When legs simply do not show up 5 - Drastic Measures


The more I read about External Iliac Artery Endofibrosis (EIAE) the more I was convinced that there are many others like me out there, especially in South Africa where the county literally punches a little above its weight in terms of participation in endurance sports. My out-of-hospital medical aid funds had ran out by the time I reached a dead end (around July 2017) and so I took the time to plan my next attack. I was certainly not going to do the same things I did the first time around and hope for a different outcome! I needed to think things through and did not have as much "trial and error" wiggle room as before.

So this was the plan:

-  Write an elaborate document that details as much information that I can remember regarding my activity levels over time, races, performance, injuries, supplements, scans and tests I had completed up to that point. I titled the document “On tired legs”
-  Take the document and send it to South African Sports Medics and Vascular Surgeons and with a bit of luck I will get a response from one of them that can assist me or knows someone that can. In the document I was even offering myself as a “case” for postgraduate students to consider. I was a bit ambitious there I must admit.
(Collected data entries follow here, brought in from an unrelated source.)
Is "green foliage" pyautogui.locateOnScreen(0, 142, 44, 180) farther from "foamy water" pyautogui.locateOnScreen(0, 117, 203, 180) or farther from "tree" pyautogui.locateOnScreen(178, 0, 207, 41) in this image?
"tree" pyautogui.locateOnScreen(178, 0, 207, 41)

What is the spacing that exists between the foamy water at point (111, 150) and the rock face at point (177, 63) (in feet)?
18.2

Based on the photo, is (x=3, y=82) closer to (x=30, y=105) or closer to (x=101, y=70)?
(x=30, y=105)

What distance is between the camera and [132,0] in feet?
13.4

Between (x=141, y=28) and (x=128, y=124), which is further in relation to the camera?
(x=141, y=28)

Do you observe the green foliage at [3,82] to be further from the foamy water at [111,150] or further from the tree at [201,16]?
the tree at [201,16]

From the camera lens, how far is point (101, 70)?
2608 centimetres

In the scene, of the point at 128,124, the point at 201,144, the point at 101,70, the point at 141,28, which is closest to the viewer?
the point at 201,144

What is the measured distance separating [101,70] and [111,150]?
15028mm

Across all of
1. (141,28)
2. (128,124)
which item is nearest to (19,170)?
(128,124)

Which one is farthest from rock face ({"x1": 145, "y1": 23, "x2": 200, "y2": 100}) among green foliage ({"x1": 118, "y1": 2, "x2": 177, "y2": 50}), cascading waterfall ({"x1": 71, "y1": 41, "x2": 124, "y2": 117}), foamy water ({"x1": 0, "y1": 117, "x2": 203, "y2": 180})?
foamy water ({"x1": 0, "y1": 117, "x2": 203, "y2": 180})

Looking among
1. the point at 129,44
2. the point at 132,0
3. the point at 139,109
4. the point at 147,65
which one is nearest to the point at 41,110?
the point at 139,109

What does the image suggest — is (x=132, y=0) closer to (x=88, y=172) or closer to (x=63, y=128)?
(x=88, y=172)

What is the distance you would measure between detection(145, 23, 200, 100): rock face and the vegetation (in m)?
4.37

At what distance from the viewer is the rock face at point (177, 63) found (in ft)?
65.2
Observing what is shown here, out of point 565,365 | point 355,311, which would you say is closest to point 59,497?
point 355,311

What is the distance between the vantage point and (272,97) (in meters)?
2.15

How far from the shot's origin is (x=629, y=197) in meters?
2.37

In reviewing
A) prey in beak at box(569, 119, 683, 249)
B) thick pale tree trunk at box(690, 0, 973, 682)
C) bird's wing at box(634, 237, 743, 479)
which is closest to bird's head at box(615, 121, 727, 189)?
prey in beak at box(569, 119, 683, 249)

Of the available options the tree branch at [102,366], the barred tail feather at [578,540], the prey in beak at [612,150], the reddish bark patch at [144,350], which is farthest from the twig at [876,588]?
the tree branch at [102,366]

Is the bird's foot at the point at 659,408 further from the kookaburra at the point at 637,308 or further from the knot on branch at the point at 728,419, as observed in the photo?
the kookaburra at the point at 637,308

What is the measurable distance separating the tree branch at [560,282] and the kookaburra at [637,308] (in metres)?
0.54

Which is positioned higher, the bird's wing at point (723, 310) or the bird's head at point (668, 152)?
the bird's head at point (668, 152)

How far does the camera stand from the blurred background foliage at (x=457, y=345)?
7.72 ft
I only really completed the document in January and by February 2018 I was already sending emails. I did not get any positive responses from anyone and with my condition getting worse, I was running out of patience. I then decided that if I am not making progress in South Africa, I will have look for assistance elsewhere. Through reading articles and journals on EIAE, I got to know the names of the few doctors that were world leaders in the diagnosis and resolution of my condition and so my next focus was on finding out from them whether they know of South African doctors that can assist. I sent an email to Dr. Goof Schep in the Netherlands and in less than 2 days, he had read my document and told me I had 70% chance that I had EIAE and that the only way to confirm that was for me to come through to their specialist medical centre for testing. He personally did not know of any doctor in South Africa that he could refer me to.

My immediate question was whether I would afford the cost, not only of flying and staying there for a few days, but more importantly, the medical procedures and scans that are required for the diagnosis. The pleasant surprise was that the cost of the all the tests (including MRA and Doppler) together with his time and that of the vascular surgeon would cost less than what I had paid in total in South Africa in 2017. Notwithstanding the fact that I had nothing to show for the money that was spent on all the investigation that I did in South Africa. I must stress, this is typical across the world - the condition is not widely known. I am still lucky that it took less than two years to get a diagnosis.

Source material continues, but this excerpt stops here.